Rémi Quirion espère également contribuer de manière décisive à la prise en charge de la douleur chronique. Si la douleur aiguë peut généralement être calmée par des médicaments délivrés sans ordonnance (comme l’aspirine en cas de mal de tête), il n’en va pas de même pour la douleur chronique. Les opiacés sont efficaces, mais ils créent une dépendance et une tolérance (sans parler du risque d’effets secondaires comme l’insuffisance respiratoire), si bien qu’ils soient loin de convenir au traitement de l’arthrite et des douleurs dorsales dont souffre la population vieillissante.

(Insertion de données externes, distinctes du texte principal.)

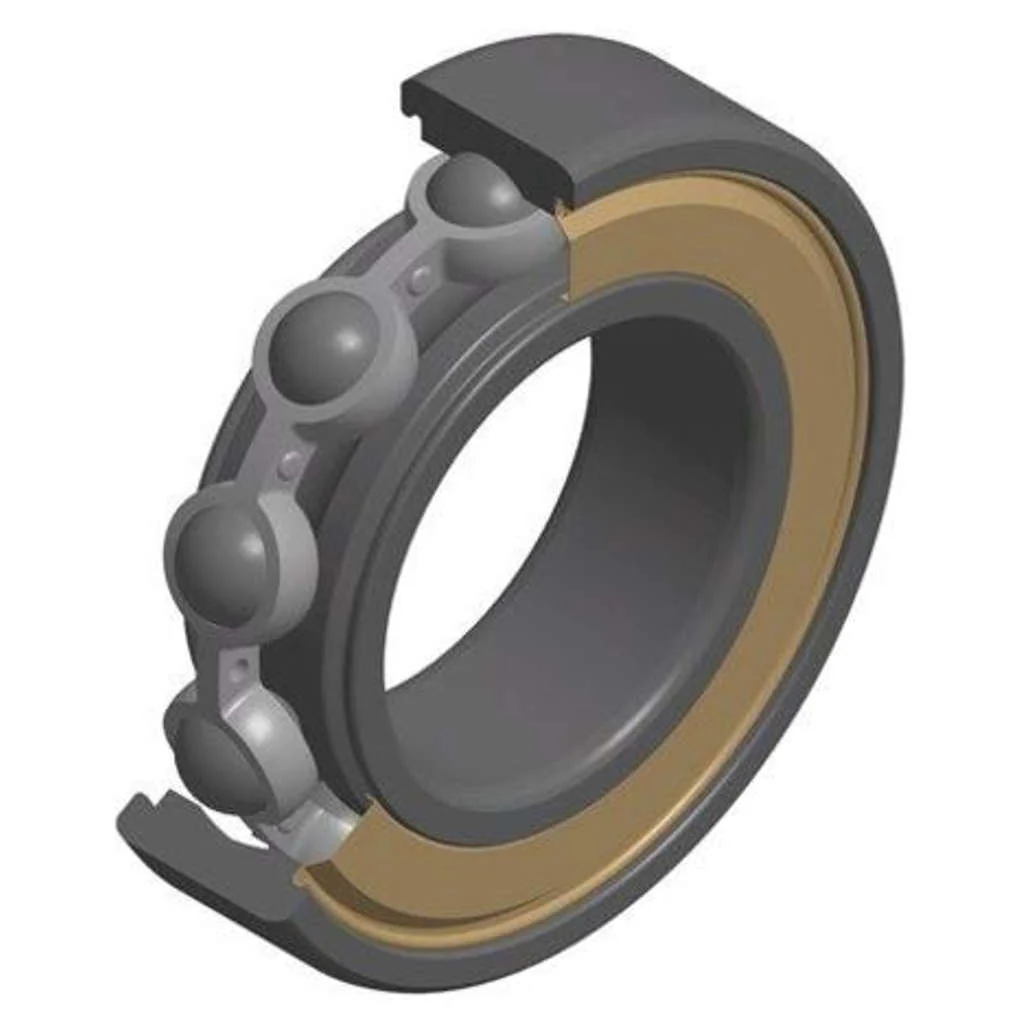 NTN Single Row Deep Groove Ball Bearing 6203.HT200ZZ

Le Pr Quirion étudie les protéines et les substances exprimées par la moelle épinière. Il s’intéresse tout particulièrement à l’adrénomédulline, un peptide qui présente de nombreuses analogies avec le récepteur peptidique lié au gène de la calcitonine. La plupart de ces récepteurs arrêtent rapidement la transmission de la douleur, mais l’adrénomédulline est « 100 fois plus puissante » en cas de douleur d’une durée de plus de 24 heures, ce qui donne à penser qu’elle pourrait jouer un rôle essentiel dans la douleur chronique, telle que celle causée par les migraines. Il n’existe à l’heure actuelle aucun antagoniste efficace de l’adrénomédulline, mais Rémi Quirion et son équipe sont sur le point de mettre à jour ses mécanismes et les moyens à mettre en œuvre pour l’inhiber. « Cette découverte nous enthousiasme, dit-il, et nous collaborons avec l’industrie pour concevoir un antagoniste de l’adrénomédulline, un analgésique beaucoup plus puissant susceptible d’être utilisé en remplacement des opiacés. »

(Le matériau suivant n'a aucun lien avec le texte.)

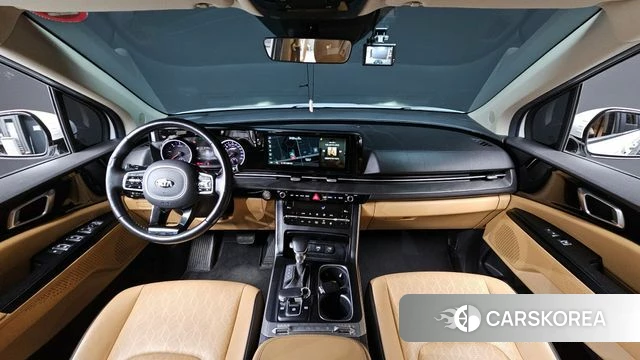 Kia Carnival 4th generation id 3813011 из Кореи 17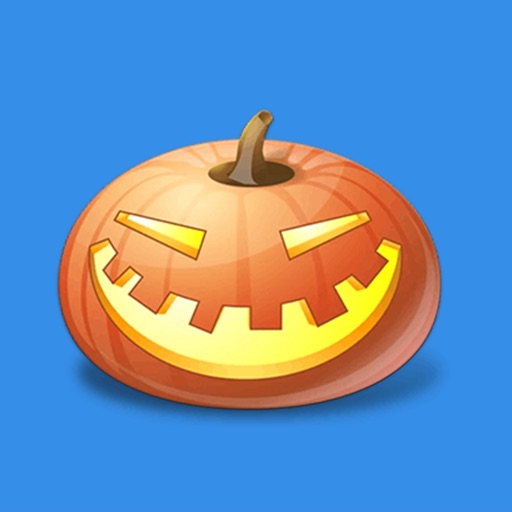 Halloween - Pumpkin emoji pack by FOMICHEV DENIS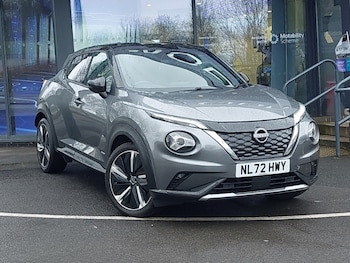 Used Nissan Juke 2022 for sale - 78422973: Photo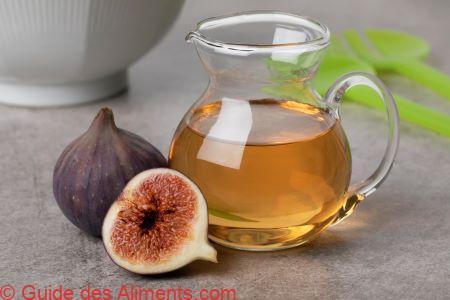 vinaigre de figues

Au-delà de la découverte de meilleurs médicaments, Rémi Quirion souhaite avant tout infléchir l’avenir de la médecine. Il a récemment publié un article intitulé

« Psychiatry as a Clinical Neuroscience Discipline », avec le Dr Thomas R. Insel, directeur de l’Institut national de santé mentale des États-Unis, dans le Journal of the American Medical Association. « La séparation de la psychiatrie des autres disciplines médicales a contribué à stigmatiser ceux qui traitent les troubles mentaux et ceux qui en souffrent », ont-ils écrit. « Cette séparation est responsable des soins inadéquats prodigués aux patients. Si les troubles mentaux sont des troubles cérébraux, alors la psychiatrie doit tenir compte des neurosciences et de la génomique et la formation des psychiatres doit être radicalement modifiée. » Pour Rémi Quirion, l’éducation (comme l’INSMT et comme le braille sur sa carte professionnelle) est une question d’intégration.

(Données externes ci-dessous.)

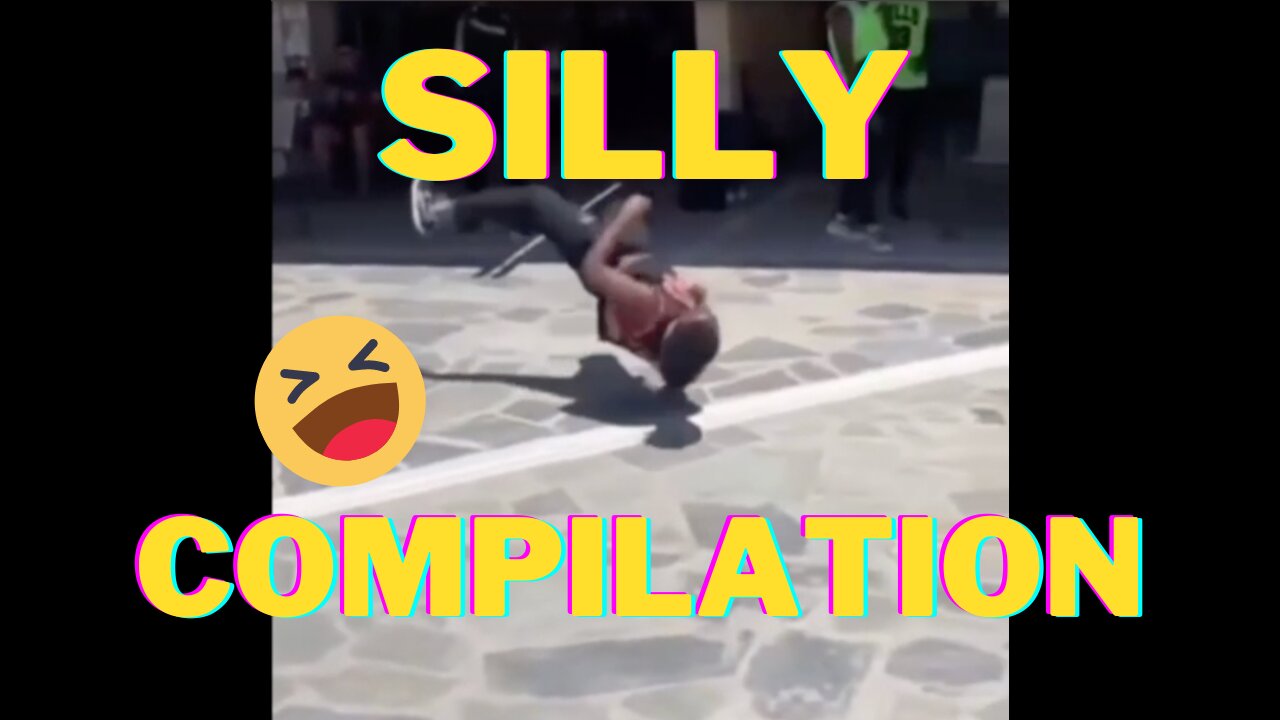 Silly Compilation - These Silly Clips Will Make You Laugh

Depuis son arrivée à l’Institut Douglas en 1983, Rémi Quirion a formé plus de 70 étudiants et chercheurs et il souhaite que la nouvelle génération de spécialistes canadiens du cerveau fasse preuve d’encore plus de multidisciplinarité. « Nous désirons exposer nos étudiants non seulement à la recherche fondamentale, mais aussi à la recherche clinique et à la recherche appliquée », explique-t-il. « Pour être véritablement efficaces, les psychiatres de l’avenir doivent être en mesure de comprendre les données de microréseau d’ADN au même titre que les soins communautaires. Parallèlement, les candidats au doctorat doivent également être exposés à la réalité. S’ils travaillent avec moi sur un gène intervenant dans l’apprentissage et la mémoire, ils doivent certes réfléchir à la souris qui leur sert de modèle, de même qu’aux patients atteints de la maladie d’Alzheimer.

« Les neurosciences ne concernent pas seulement des gènes affublés de noms bizarres – elles concernent aussi l’être humain. »


La recherche de Rémi Quirion est financée par les Instituts de recherche en santé du Canada et le Fonds de recherche en santé du Québec.